- **Task brief**
Output the data below exactly, without images.

- **Collected material**
*** Block opens ***

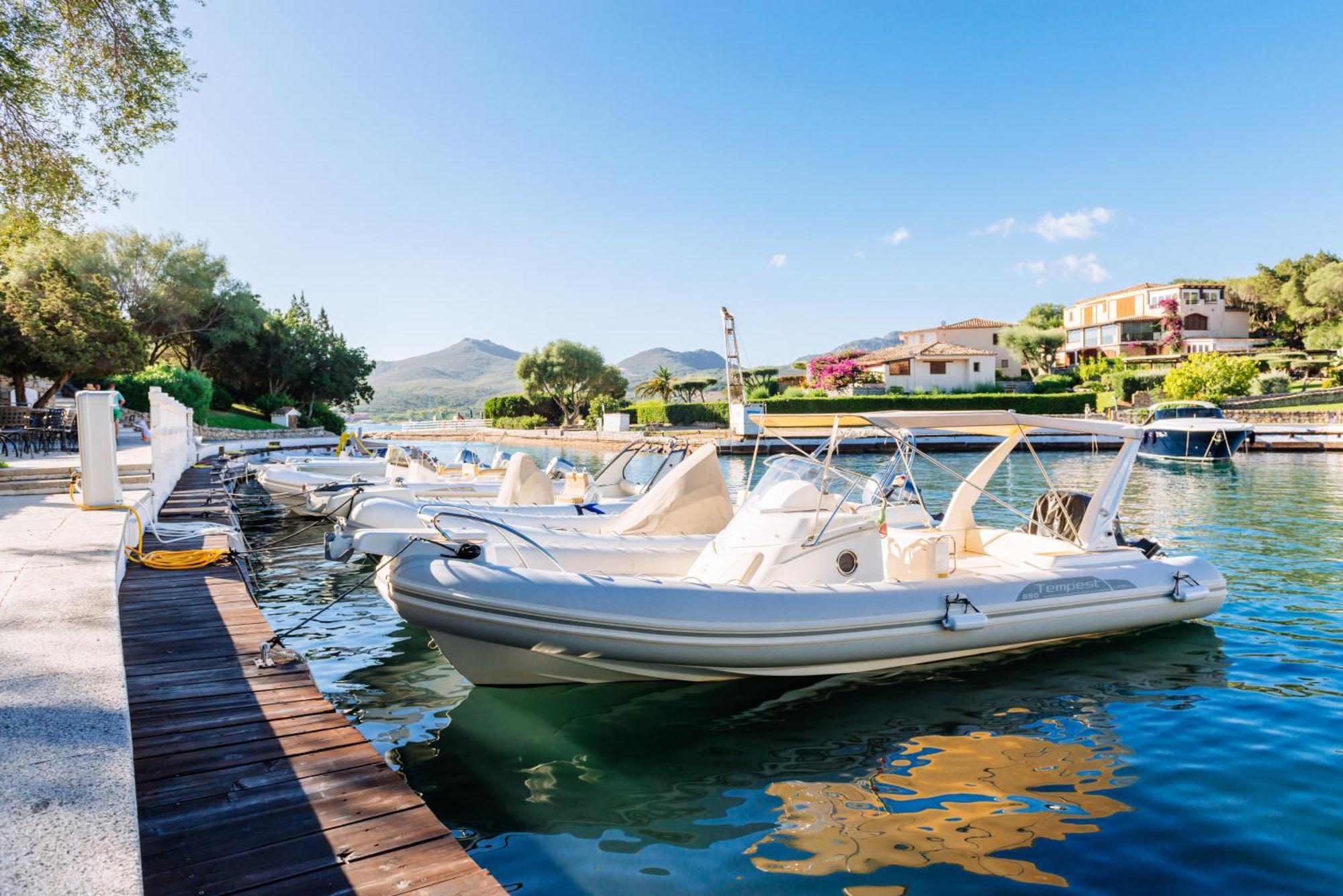 Palumbalza 4* Porto Rotondo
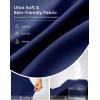 imageG Gradual Womens Athletic Shorts 6quot High Waisted Stretchy Bermuda Shorts for Women Quick Dry Summer Casual ShortsDark Blue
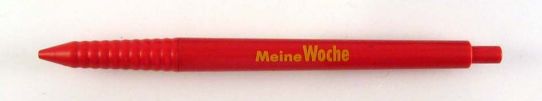 Meine woche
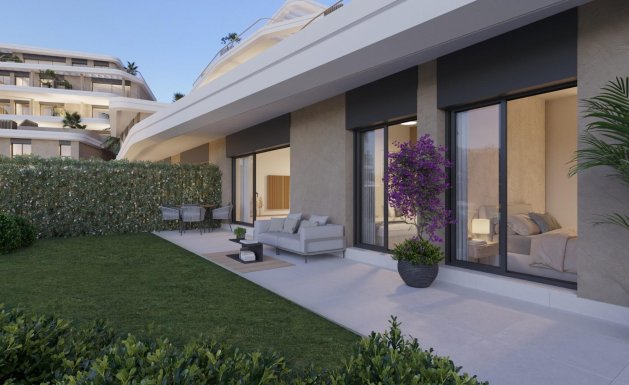 Neuf - Appartement - Estepona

*** Block closes ***

- **Answer**
 Palumbalza 4* Porto Rotondo
 imageG Gradual Womens Athletic Shorts 6quot High Waisted Stretchy Bermuda Shorts for Women Quick Dry Summer Casual ShortsDark Blue
 Meine woche
 Neuf - Appartement - Estepona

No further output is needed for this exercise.